Santambrogio va forte
Quarto al Lombardia

LECCO - La prima volta di uno spagnolo al Lombardia vede fuori di poco dal podio Mauro Santambrogio, quarto al traguardo sul Lungolario dopo aver dato tutto, interpretando la corsa come un big. Sempre con i primi, sempre al fianco dell'iridato Philippe Gilbert, con Ballan e Van Avermaet, con il ticinese Morabito in fuga, salendo senza tentennamenti il Muro di Sormano.

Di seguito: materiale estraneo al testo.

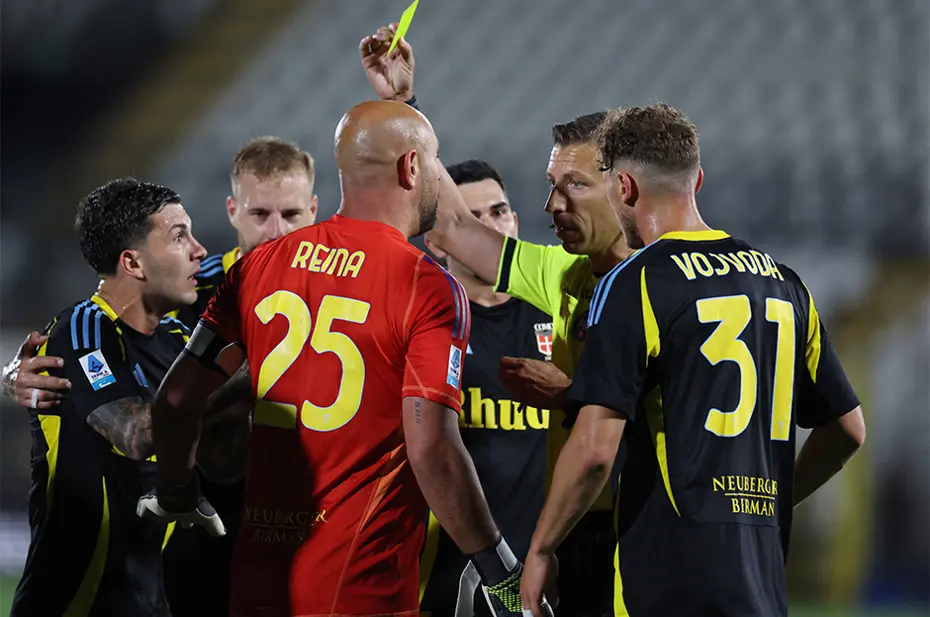 Kırmızı kart gördü, kariyerinin son maçını tamamlayamadı - 4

Poi quando la bici di Ballan si è spaccata in due, come un ramo secco, per una caduta dopo sei-sette tornanti verso Nesso, dopo che anche Paolini (ottima prova sin lì) e l'iridato Gilbert sono stati costretti a ritirarsi, la sua prestazione è diventata ancora più concreta e convincente, essendoci solo lui e Van Avermaet a tenere accese le residue speranze di vittoria della Bmc.

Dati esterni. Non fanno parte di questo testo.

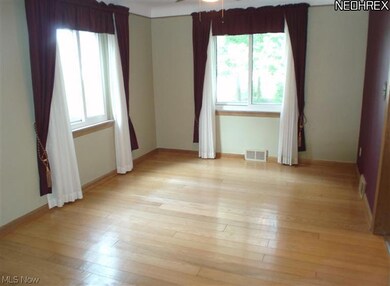 1976 Idlehurst Dr, Euclid, OH 44117 - photo 5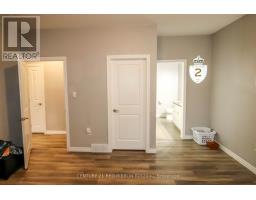 35 WILLIS AVENUE - 23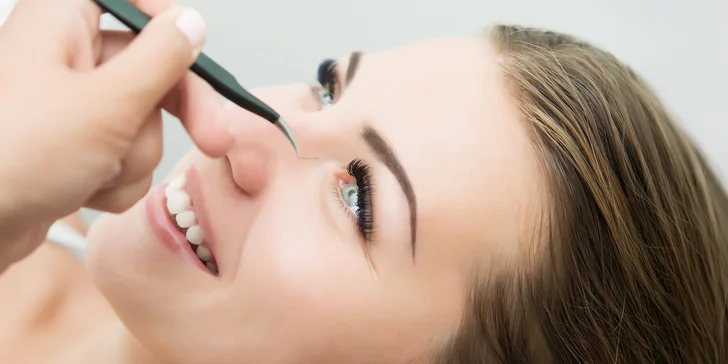 Profesionální prodloužení a zhuštění řas: metoda Classic, Volume, Wispy nebo Wet Look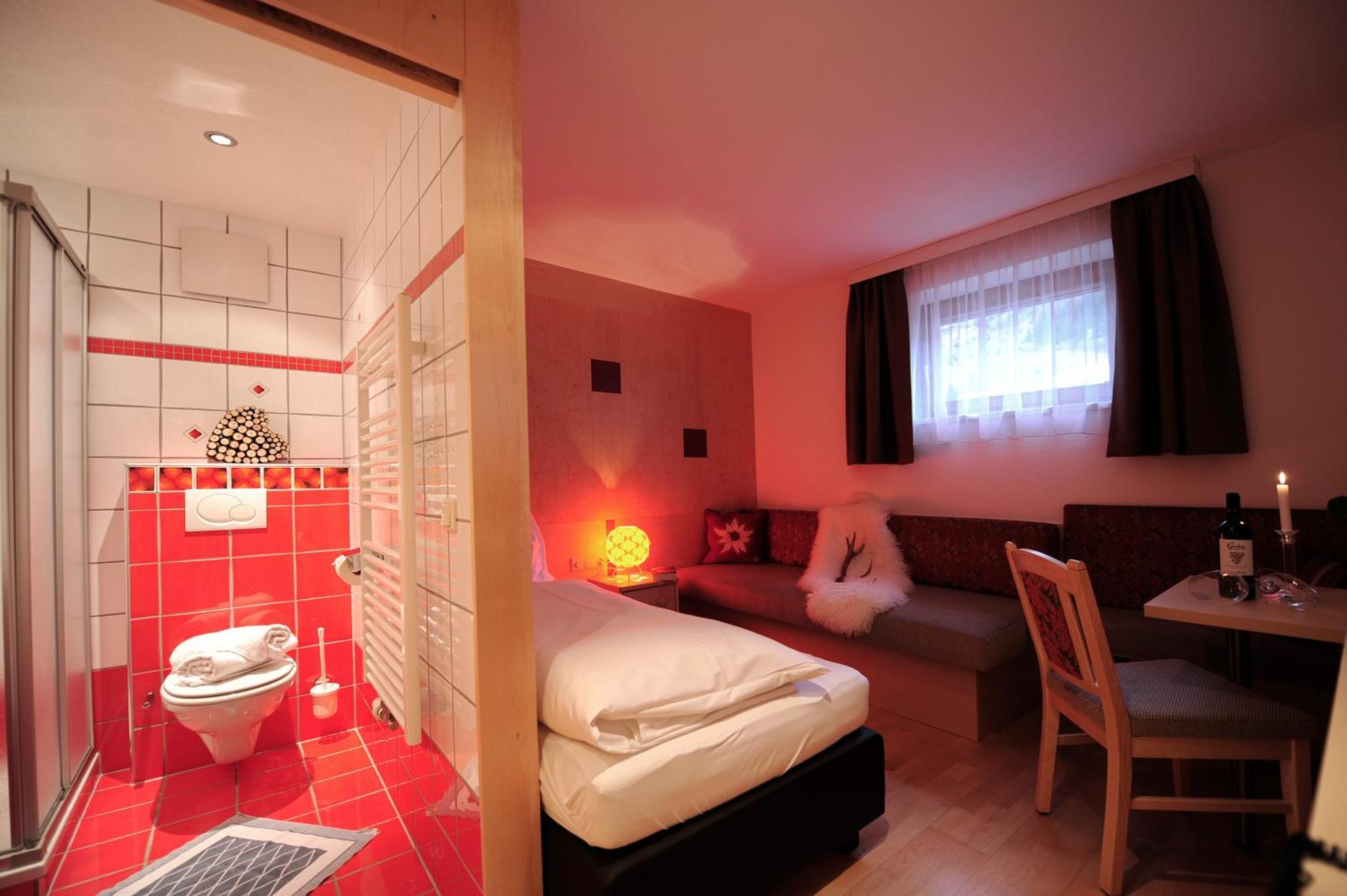 Apart Almrausch Ischgl Zimmer foto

Un quarto posto che va stretto. «Penso di sì, pur in svantaggio avendo speso tutto, per spuntarla sugli avversari e salire sul podio. Purtroppo è andata così!». Motivo palese. «Appena scollinato Villa Vergano, nel tratto in pianura che seguiva Galbiate, sbucando a Pescate, in quei 3 km. finali verso Lecco ho cercato in tutti i modi di spingere a fondo per annullare quel gap di 13" che avevamo, ma la collaborazione è stata scarsa. Più che i 9" di ritardo  al termine, mi ha seccato che Sanchez e Uran Uran mi abbiano preceduto».
Ti attendevi una prestazione di questo spessore? «Stando alla condizione di forma raggiunta alla Vuelta e nelle gare che sono seguite (sesto posto al Gran Piemonte) sicuramente, come il fatto di essere stato primo degli italiani e l'unico nei dieci; ma contavo proprio di salire sul podio nel Lombardia, corsa che prediligo. Peccato. Noi Bmc più sfortunati di così!».